Le souhait de ne pas se heurter frontalement à l'Union Européenne apparaît très clair au sein d'un gouvernement majoritairement proeuropéen. Si les indicateurs semblent en net progrès (l'inflation a été ramenée de 8 % en 2003 à 3 % début 2005, le déficit budgétaire s'élève à 2,1 % du PIB 12 ( * ) ), la structure économique actuelle reste trop dépendante des marchés américain et russe et laisse encore une belle place aux commerces parallèles (le Monténégro est au carrefour des trafics du Sandjak et du Kosovo, le port de Bar assurant le transit maritime à destination de l'Europe Occidentale). 80 % des exportations monténégrines sont ainsi liées au combinat d'aluminium KAP, dont 98 % des ventes sont effectuées en direction du conglomérat américain GLENCOR basé en Suisse.

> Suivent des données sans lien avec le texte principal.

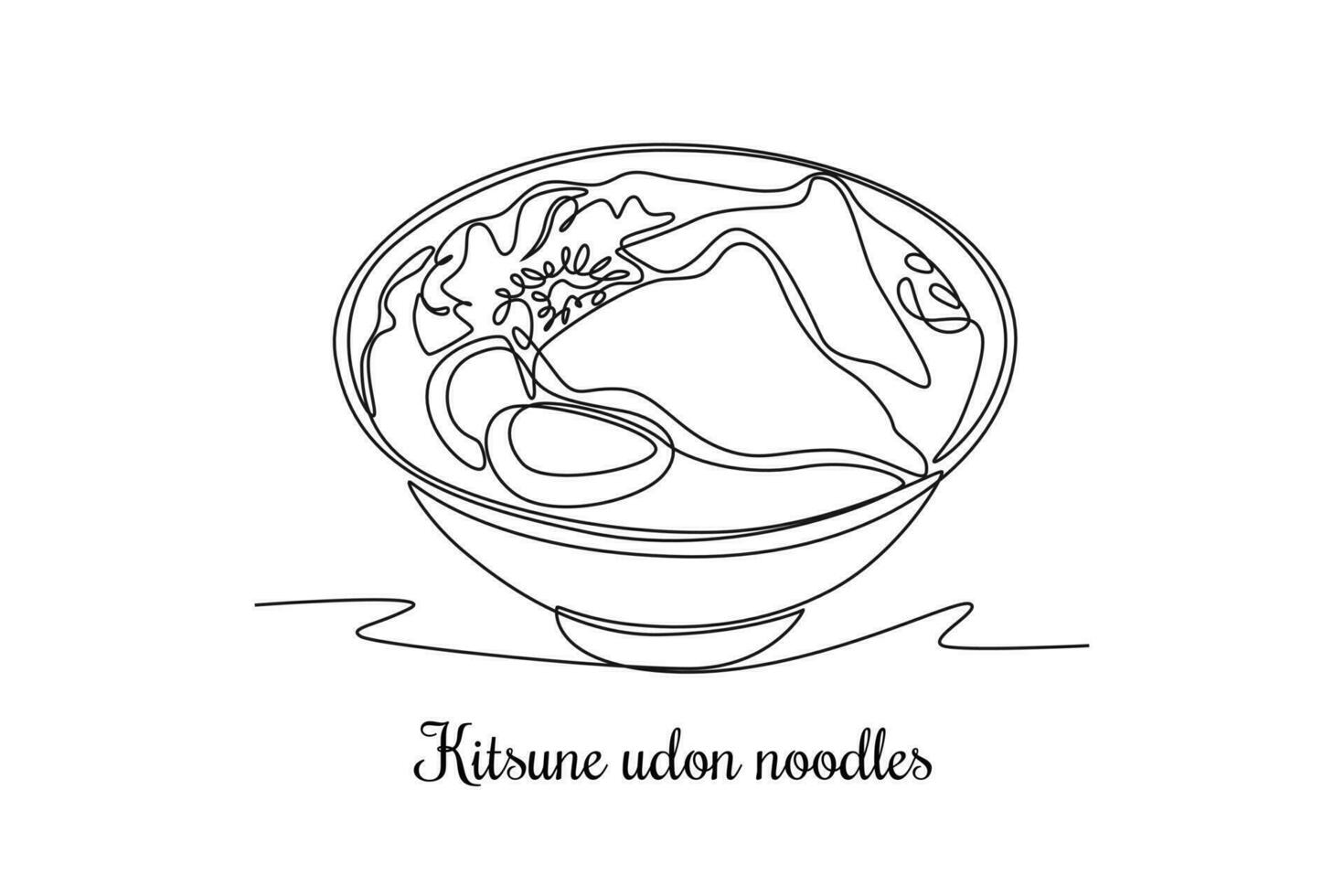 Continuous one line drawing Japanese food concept. Single line draw design vector graphic illustration.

Lourdement endetté, vieilli, le groupe, qui n'a pas bénéficié de l'augmentation récente du prix de l'aluminium, est en passe d'être racheté par une entité russe, au terme d'un appel d'offres international. M. Milo DJUKANOVIC a rappelé au groupe d'amitié qu'aucun candidat européen ne s'était manifesté. Le gouvernement monténégrin semble néanmoins peu enthousiaste à l'égard de l'entrée massive de capitaux russes dans son pays. Cependant, l'ultralibéralisation du pays permise par l'adaptation de son corpus législatif, vise tous les secteurs, notamment agricoles (vignobles et forêts), et attire ce type de financement. Le tourisme local (17 % du PIB) est également principalement tourné vers la Russie, tant au niveau des investisseurs que des visiteurs. La volonté affichée par le gouvernement de développer le secteur du tourisme sur le modèle croate (objectif 43 % du PIB en 2010) passe notamment par l'ouverture à l'Europe.

* 12 Le PIB s'élevait à 1,5 Milliard de dollars en 2003.